Thankfully, much of the oral tradition of the UNIX shell tools was captured in the still-useful book "The UNIX Programming Environment" (1983) by Brian W. Kernighan & Rob Pike.

If you do find yourself in that igloo with a generator it's nice to know it's there.

Using What I'd Learned

In 1985 I made a mistake I would never repeat in this century: I quit one job before another was firmly in hand. When the new opportunity slipped away I not only faced the inconvenience of having to find another while earning no money, I found myself going through UNIX withdrawal. There had been a time when I didn't know what UNIX was; now I couldn't live without it. I recalled that my email and conferencing account at "The Well"

included a C shell login, and I dialed up just to edit my aliases with vi for old time's sake.

Then when I got another job it was on a project maintaining some crufty FORTRAN code on a clunky little Hewlett Packard minicomputer with a poorly-designed proprietary operating system whose name I don't even remember. A book came to my rescue: good old "Software Tools."

I didn't have the time to implement the "Ratfor" (Rational FORTRAN) pre-processor provided in the book, but I did manage a few pieces, including comment processing (FORTRAN comments have rigid requirements for placement in column numbers), so I could be a little sloppier in my editing and still produce working code quickly. The operating system didn't have UNIX pipes, but I hacked together a work-around using suggestions from the book. And I wrote a "find" program, which helped me make an automated index of all the function and subroutine calls in the code base, which had never been done before. This set of strategies made my life much easier and only confirmed the productivity benefits of UNIX in my mind.

The Gift of LINUX


Linus Torvalds stamp
( uncyclopedia.wikia.com/wiki/Linus_Torvalds )

For a while I used tools on a variety of "workstations" from DEC, IBM, Sun, HP, SGI, and others, and my tools moved with me from one to the next. The problem was most of these systems cost in excess of $40,000, and I couldn't afford one myself. It was only at work that I had access to UNIX. Then with the arrival of Windows 95 it looked like UNIX was destined for the scrap heap, overtaken by another proprietary OS on a dirt cheap hardware platform. I worried that my favorite OS and its whole ecology were going to become extinct before my eyes.

And along came Linux, the open-source freeware UNIX work-alike that had since taken over the world. I couldn't be happier about the way this has worked out. My old tools have new life. I'd like to emphasize that I had practically nothing to do with it, except being a cheerleader and a user. I am extremely grateful for all the talented people in the open source world who have made it possible for me to keep using my favorite tools on modern computers.

Sometimes I think the greatest impediment to more widespread Linux usage is the difficulty of pronouncing it correctly. Linux creator Linus Torvalds has a name that sounds like a popular American comic strip character, Linus from "Peanuts," but the comic character has a long I (as in "like") while the Swedish programmer has a short I (as in "lick"), and so does Linux. Perhaps a re-branding is needed.

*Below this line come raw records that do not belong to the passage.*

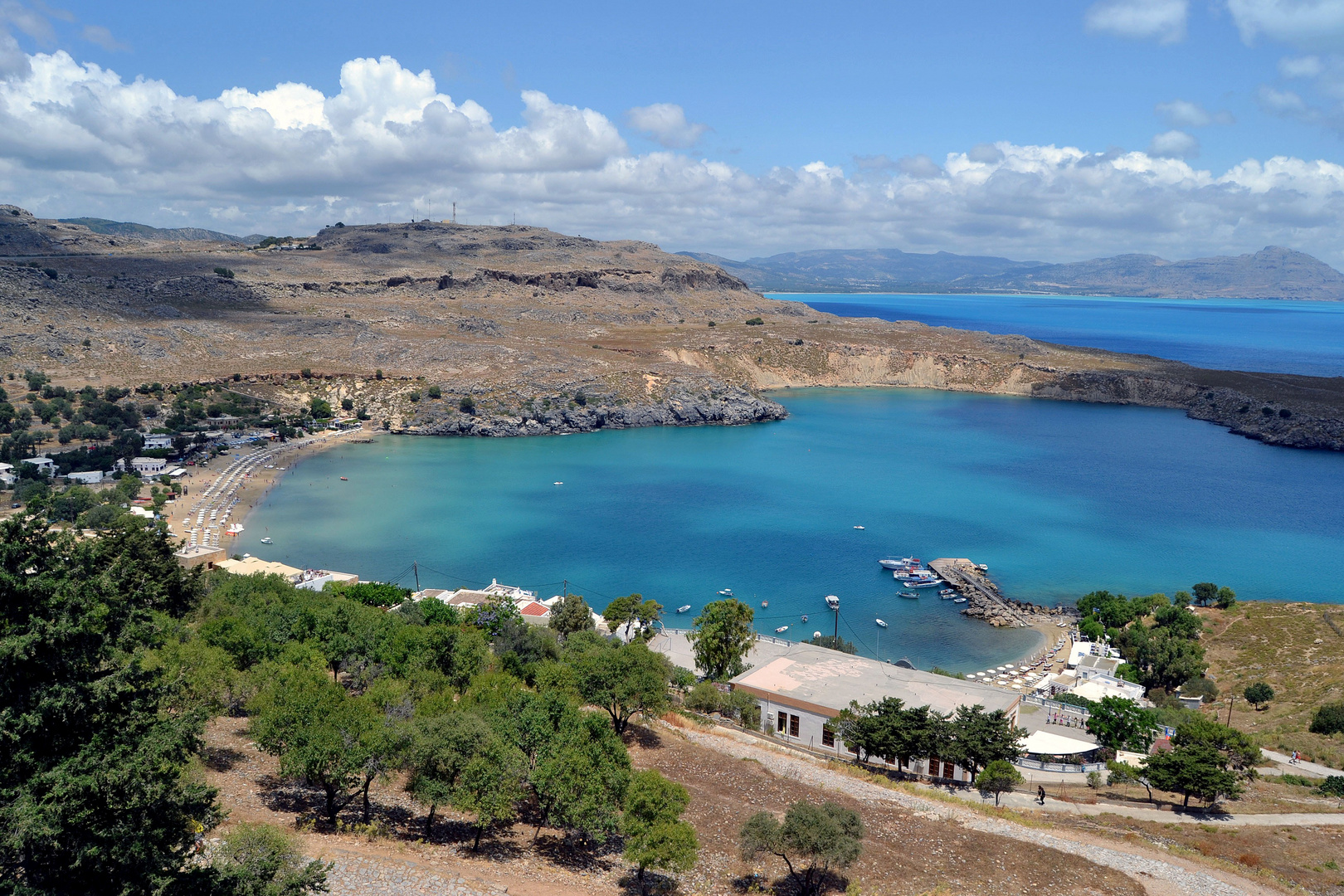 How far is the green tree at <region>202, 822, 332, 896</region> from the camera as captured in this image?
14.0m

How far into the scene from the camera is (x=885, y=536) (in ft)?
221

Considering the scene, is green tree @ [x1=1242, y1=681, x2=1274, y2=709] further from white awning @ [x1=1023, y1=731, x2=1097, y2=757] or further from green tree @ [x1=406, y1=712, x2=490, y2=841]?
green tree @ [x1=406, y1=712, x2=490, y2=841]

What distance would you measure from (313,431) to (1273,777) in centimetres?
9721

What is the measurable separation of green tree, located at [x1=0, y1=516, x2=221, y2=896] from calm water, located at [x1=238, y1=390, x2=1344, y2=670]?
132 ft

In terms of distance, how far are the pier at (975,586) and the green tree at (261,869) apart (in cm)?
4618

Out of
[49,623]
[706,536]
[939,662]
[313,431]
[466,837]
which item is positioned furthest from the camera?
[313,431]

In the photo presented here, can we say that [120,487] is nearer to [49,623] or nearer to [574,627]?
[574,627]

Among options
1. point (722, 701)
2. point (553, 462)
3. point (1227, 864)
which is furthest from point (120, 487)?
point (1227, 864)

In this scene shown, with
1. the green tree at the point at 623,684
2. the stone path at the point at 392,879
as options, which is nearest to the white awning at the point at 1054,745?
the green tree at the point at 623,684

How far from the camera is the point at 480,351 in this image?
420 ft

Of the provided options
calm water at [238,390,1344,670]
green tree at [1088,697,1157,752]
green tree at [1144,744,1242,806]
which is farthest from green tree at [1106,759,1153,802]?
calm water at [238,390,1344,670]

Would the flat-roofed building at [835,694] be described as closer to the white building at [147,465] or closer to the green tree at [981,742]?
the green tree at [981,742]

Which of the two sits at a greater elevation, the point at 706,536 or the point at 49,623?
the point at 49,623

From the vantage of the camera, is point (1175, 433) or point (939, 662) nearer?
point (939, 662) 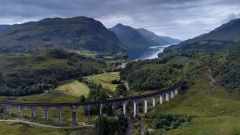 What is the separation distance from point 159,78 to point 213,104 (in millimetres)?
61738

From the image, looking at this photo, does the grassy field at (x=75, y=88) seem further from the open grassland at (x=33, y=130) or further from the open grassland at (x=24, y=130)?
the open grassland at (x=24, y=130)

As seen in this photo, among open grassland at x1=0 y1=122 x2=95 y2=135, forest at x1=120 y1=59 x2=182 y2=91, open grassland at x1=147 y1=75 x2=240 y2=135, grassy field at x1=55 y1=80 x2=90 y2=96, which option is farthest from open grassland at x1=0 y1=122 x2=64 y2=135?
forest at x1=120 y1=59 x2=182 y2=91

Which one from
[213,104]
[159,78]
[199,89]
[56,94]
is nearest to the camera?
[213,104]

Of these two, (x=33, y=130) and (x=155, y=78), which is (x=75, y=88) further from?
(x=33, y=130)

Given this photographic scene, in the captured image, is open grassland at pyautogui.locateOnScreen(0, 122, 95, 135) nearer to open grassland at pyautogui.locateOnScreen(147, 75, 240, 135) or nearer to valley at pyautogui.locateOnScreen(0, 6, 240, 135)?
valley at pyautogui.locateOnScreen(0, 6, 240, 135)

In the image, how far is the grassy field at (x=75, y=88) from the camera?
541ft

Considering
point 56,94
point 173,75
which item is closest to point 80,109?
point 56,94

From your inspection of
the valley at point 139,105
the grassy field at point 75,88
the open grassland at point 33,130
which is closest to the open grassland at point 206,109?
the valley at point 139,105

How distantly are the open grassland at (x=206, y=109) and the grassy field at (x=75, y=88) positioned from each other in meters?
57.0

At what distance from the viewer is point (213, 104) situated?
369 ft

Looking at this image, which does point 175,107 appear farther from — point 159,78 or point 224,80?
point 159,78

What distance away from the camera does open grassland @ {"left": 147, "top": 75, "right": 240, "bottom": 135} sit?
8362cm

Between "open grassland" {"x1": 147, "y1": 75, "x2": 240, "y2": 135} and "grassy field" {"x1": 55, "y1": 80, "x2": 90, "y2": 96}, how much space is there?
57.0 metres

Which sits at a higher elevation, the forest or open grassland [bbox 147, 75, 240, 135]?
the forest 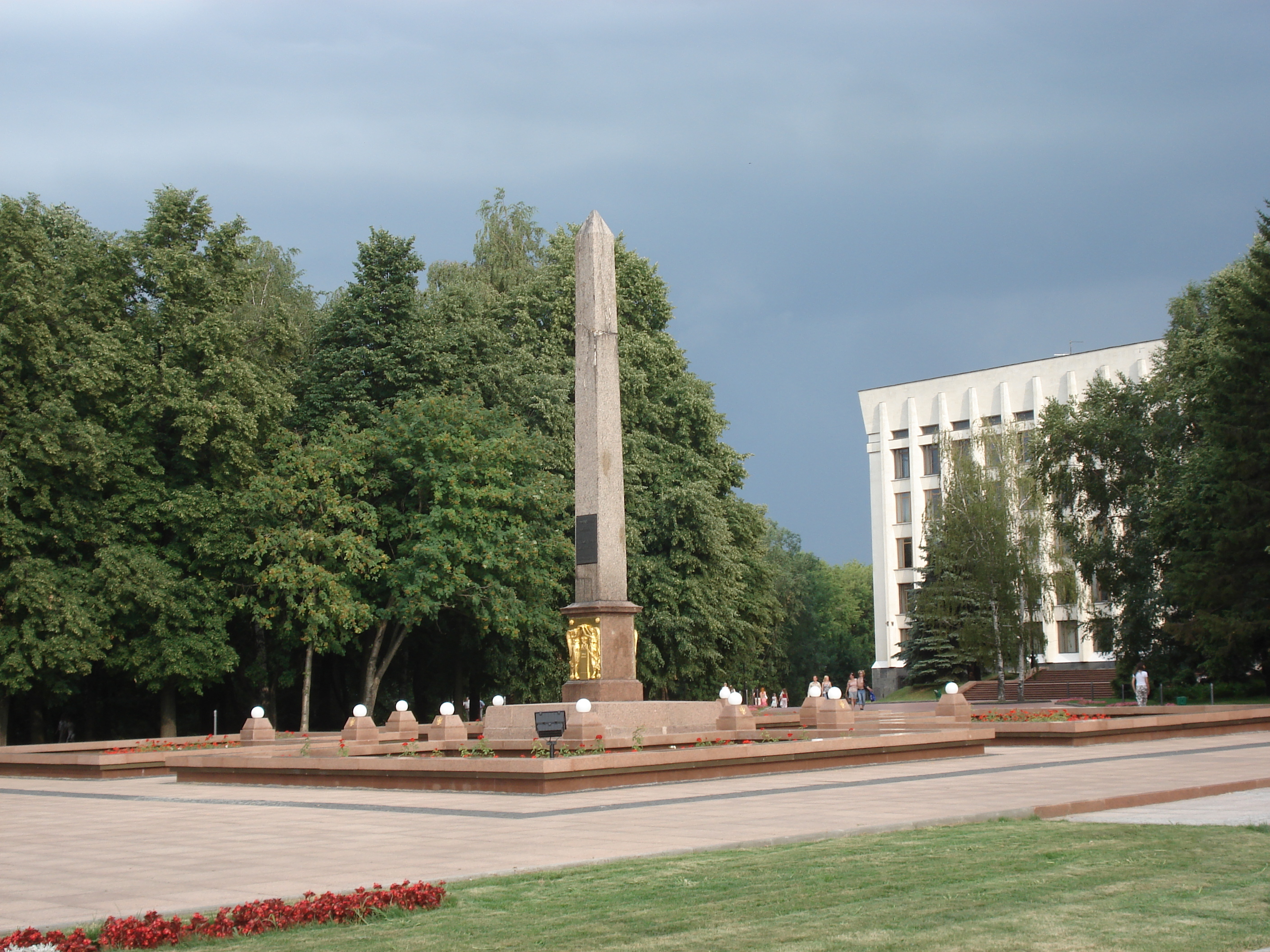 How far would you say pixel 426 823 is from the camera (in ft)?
40.4

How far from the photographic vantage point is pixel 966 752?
2066 centimetres

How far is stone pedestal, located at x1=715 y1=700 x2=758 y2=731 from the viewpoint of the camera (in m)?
22.0

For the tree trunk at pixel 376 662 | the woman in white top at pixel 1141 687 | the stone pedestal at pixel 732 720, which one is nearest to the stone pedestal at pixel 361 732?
the stone pedestal at pixel 732 720

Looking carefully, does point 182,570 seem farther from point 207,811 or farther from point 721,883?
point 721,883

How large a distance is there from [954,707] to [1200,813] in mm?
15176

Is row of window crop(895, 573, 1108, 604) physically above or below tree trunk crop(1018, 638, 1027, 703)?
above

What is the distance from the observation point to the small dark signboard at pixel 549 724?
16266mm

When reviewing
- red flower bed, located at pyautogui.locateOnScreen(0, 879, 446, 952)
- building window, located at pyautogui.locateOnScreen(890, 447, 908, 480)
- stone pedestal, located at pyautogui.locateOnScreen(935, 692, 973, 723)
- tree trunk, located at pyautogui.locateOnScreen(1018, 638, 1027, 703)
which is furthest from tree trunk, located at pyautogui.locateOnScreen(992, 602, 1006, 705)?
red flower bed, located at pyautogui.locateOnScreen(0, 879, 446, 952)

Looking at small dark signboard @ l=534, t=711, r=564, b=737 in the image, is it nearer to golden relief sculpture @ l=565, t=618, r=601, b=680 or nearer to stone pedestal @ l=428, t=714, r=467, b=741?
golden relief sculpture @ l=565, t=618, r=601, b=680

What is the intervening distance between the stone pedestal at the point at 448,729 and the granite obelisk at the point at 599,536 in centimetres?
245

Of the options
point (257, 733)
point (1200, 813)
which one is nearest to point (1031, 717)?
point (257, 733)

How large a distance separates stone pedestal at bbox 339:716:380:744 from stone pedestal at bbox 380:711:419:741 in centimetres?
65

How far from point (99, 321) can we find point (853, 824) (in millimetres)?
28124

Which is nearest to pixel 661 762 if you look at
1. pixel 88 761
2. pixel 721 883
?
pixel 721 883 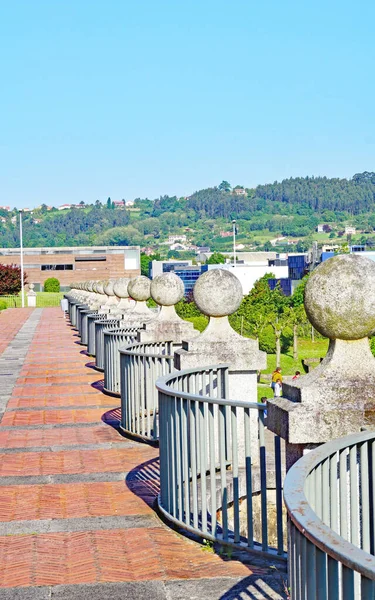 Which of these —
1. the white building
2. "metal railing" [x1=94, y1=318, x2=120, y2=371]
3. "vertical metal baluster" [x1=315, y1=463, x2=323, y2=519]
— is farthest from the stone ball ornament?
the white building

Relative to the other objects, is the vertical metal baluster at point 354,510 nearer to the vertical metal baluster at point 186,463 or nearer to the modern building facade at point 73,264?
the vertical metal baluster at point 186,463

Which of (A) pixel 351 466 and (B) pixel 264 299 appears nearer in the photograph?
(A) pixel 351 466

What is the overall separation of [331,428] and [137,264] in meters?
132

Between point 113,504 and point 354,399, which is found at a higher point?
point 354,399

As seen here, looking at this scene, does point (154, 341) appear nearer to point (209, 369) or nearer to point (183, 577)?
point (209, 369)

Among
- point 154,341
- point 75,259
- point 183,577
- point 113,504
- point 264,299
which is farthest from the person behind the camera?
point 75,259

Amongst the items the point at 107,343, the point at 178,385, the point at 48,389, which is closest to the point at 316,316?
the point at 178,385

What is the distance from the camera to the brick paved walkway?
4672 millimetres

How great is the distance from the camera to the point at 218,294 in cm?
830

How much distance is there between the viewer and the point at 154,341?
10.7 m

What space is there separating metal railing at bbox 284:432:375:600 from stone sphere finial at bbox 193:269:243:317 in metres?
3.54

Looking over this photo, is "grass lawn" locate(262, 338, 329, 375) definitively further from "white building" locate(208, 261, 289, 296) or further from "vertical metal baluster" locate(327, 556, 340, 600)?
"vertical metal baluster" locate(327, 556, 340, 600)

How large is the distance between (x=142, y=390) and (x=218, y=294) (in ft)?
4.99

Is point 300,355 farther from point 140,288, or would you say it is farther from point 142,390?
point 142,390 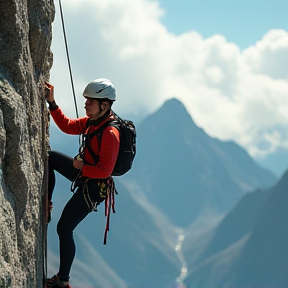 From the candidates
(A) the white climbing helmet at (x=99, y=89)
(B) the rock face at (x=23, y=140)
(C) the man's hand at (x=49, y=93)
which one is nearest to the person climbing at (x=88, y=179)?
(A) the white climbing helmet at (x=99, y=89)

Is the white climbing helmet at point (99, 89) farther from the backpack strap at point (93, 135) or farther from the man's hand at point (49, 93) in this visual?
the man's hand at point (49, 93)

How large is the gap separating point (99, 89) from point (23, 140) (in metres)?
1.66

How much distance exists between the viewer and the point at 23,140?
10117 mm

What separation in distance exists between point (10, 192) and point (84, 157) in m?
1.68

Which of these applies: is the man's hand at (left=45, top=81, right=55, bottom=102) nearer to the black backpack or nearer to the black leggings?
the black backpack

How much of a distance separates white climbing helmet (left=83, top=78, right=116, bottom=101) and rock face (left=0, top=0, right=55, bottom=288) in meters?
0.79

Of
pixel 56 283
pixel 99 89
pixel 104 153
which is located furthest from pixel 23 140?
pixel 56 283

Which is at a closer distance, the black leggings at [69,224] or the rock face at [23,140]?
the rock face at [23,140]

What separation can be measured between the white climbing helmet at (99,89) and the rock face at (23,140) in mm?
789

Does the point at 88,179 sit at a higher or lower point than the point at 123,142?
lower

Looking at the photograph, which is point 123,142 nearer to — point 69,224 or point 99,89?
point 99,89

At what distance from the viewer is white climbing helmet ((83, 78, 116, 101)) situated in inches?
440

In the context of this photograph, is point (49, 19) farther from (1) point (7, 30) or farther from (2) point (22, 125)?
(2) point (22, 125)

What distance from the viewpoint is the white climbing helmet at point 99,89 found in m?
11.2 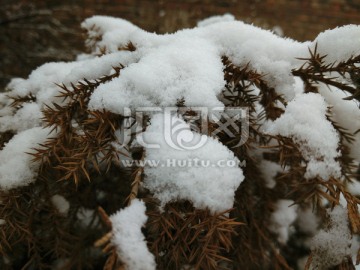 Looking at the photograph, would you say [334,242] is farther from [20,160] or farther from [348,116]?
[20,160]

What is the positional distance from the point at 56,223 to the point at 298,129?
0.81 m

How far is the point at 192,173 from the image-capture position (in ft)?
2.44

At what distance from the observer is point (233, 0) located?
11.3 feet

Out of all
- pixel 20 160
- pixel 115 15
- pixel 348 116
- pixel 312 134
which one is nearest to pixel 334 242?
pixel 312 134

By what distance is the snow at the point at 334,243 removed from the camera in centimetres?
82

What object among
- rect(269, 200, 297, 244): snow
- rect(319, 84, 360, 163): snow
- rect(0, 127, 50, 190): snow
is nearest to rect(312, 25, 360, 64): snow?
rect(319, 84, 360, 163): snow

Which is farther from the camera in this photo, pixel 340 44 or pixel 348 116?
pixel 348 116

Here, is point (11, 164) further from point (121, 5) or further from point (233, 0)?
point (233, 0)

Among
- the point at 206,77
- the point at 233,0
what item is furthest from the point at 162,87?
the point at 233,0

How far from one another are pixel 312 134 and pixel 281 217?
67cm

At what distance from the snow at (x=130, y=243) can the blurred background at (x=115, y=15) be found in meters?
2.04

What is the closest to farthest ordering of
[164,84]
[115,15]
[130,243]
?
1. [130,243]
2. [164,84]
3. [115,15]

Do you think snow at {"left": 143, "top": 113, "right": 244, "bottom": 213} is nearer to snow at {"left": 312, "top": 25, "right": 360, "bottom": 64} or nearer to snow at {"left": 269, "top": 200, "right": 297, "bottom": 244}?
snow at {"left": 312, "top": 25, "right": 360, "bottom": 64}

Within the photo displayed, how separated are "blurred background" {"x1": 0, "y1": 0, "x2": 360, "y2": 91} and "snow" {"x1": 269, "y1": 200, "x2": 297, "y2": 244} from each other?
1.51 meters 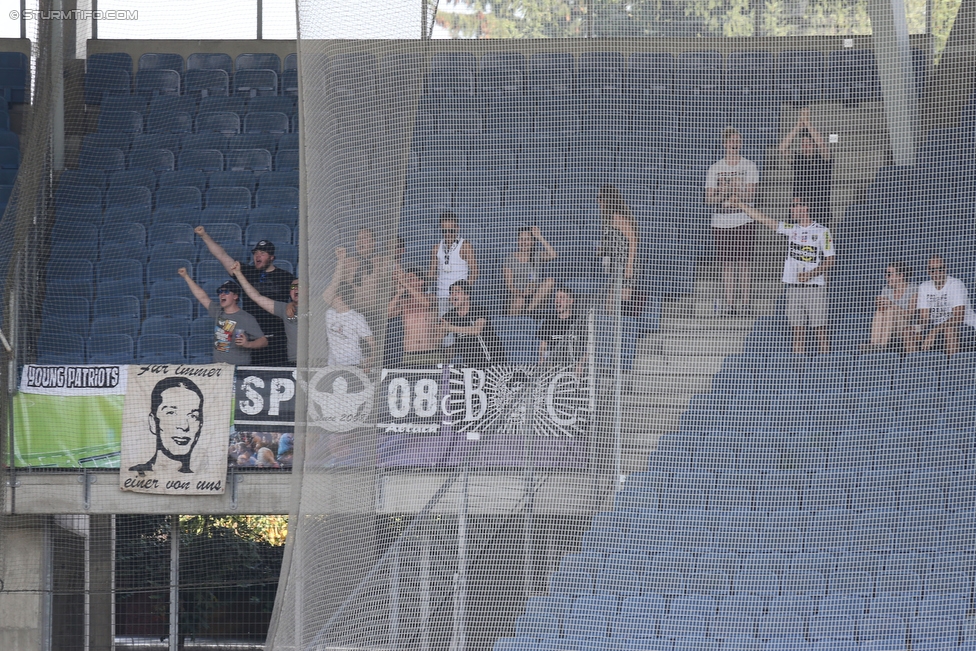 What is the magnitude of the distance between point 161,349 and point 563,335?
3490 mm

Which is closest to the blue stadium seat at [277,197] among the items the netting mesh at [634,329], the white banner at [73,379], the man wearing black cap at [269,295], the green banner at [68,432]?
the man wearing black cap at [269,295]

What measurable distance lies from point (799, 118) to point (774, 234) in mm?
434

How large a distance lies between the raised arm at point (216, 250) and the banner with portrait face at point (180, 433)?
1084mm

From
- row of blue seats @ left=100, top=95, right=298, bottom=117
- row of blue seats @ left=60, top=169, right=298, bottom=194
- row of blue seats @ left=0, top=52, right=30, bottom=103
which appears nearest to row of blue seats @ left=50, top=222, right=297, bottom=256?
row of blue seats @ left=60, top=169, right=298, bottom=194

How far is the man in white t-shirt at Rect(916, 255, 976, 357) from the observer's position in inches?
162

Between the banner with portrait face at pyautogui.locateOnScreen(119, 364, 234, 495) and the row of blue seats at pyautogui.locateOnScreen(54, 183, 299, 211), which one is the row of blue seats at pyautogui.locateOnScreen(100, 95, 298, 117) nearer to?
the row of blue seats at pyautogui.locateOnScreen(54, 183, 299, 211)

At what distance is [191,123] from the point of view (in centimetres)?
848

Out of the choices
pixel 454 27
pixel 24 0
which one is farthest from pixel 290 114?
pixel 454 27

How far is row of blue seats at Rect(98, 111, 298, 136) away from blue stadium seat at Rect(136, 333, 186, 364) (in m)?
2.04

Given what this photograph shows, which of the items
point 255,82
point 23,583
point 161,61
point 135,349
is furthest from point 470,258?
point 161,61

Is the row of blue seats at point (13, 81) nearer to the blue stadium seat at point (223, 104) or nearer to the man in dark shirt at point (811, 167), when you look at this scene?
the blue stadium seat at point (223, 104)

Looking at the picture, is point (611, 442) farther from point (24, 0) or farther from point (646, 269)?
point (24, 0)

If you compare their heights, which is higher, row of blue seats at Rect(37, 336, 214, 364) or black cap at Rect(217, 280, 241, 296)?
black cap at Rect(217, 280, 241, 296)

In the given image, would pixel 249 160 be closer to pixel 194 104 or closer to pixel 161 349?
pixel 194 104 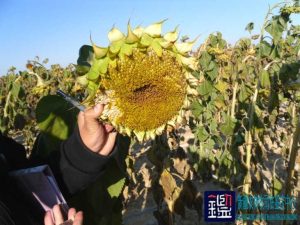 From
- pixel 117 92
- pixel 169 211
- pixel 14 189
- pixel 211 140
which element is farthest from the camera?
pixel 211 140

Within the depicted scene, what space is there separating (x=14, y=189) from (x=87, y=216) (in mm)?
411

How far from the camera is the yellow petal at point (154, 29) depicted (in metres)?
0.88

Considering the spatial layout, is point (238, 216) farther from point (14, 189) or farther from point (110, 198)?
point (14, 189)

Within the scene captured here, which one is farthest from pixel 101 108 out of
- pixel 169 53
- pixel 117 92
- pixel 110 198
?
pixel 110 198

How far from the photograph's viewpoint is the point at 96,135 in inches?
44.4

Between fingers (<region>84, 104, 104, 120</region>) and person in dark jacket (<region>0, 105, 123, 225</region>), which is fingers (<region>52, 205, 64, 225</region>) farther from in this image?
fingers (<region>84, 104, 104, 120</region>)

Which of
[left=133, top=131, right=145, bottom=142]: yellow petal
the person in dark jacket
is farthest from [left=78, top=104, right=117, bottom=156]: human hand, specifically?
[left=133, top=131, right=145, bottom=142]: yellow petal

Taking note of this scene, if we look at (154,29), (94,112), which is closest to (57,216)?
(94,112)

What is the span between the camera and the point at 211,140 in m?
3.89

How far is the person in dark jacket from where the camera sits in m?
1.04

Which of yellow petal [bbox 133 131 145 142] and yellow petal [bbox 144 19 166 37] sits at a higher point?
yellow petal [bbox 144 19 166 37]

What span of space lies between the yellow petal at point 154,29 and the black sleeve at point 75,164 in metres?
0.40

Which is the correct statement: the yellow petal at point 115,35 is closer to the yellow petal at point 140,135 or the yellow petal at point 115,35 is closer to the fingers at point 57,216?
the yellow petal at point 140,135

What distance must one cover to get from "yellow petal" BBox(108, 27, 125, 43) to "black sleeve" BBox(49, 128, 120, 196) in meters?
0.37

Portability Survival Skills


19th century interface adapter
( ridevintage.com/railway-bicycles/ )

It wasn't until the last twenty years that I had Linux on a home computer. Meanwhile, my wife uses Windows at home (Windows 7 at this point), but I prefer Mac for my primary system. But during this same two decades I have always had some for of Windows I was required to use in my work. In that world what has come to my rescue is the tool set called CygWin from Cygnus.

One of the three founders of Cygnus Solutions the company is a friends of mine; imagine my surprise to spot him posed with the other two in a hot tub on the cover of "Forbes" magazine in 1994.

The CygWin tools give you most of the tools I describe above on Windows platforms, and they're free. I always load them right away whenever I am issued a PC.

Since 1996 I have been investing my time in the technologies of HTML and Java for their portability. I create content (such as this blog) in raw HTML using vi, confident that many other programs can read it.

The appeal of Java was the "write once, run anywhere" philosophy, which mobilized Microsoft to embrace and sabotage Java, creating a "write once, test everywhere" requirement in real deployment. That battle seems to be over now, and instead we're watching Oracle, who bought Sun Microsystems the Java creators, fumble the franchise in creative new ways. Still, I have Java code that runs on Windows, Mac and Linux that I continue to maintain and use.

Vindication


finally, a book that agrees with me

Lest you think that I'm this fossil who can only write C code to process text, let me assure you that I've kept up with the changing world of software development, and I've used modern languages such as Objective C, Javascript and PHP, Microsoft tools like Visual Basic and Access, Integrated Development Environments (IDEs) such as JBoss and Visual Studio, Graphical User Interface (GUI) frameworks such as XWindows, Microsoft Foundation Classes, and Java Swing, and cutting-edge development methodologies such as Software Patterns and Agile Development.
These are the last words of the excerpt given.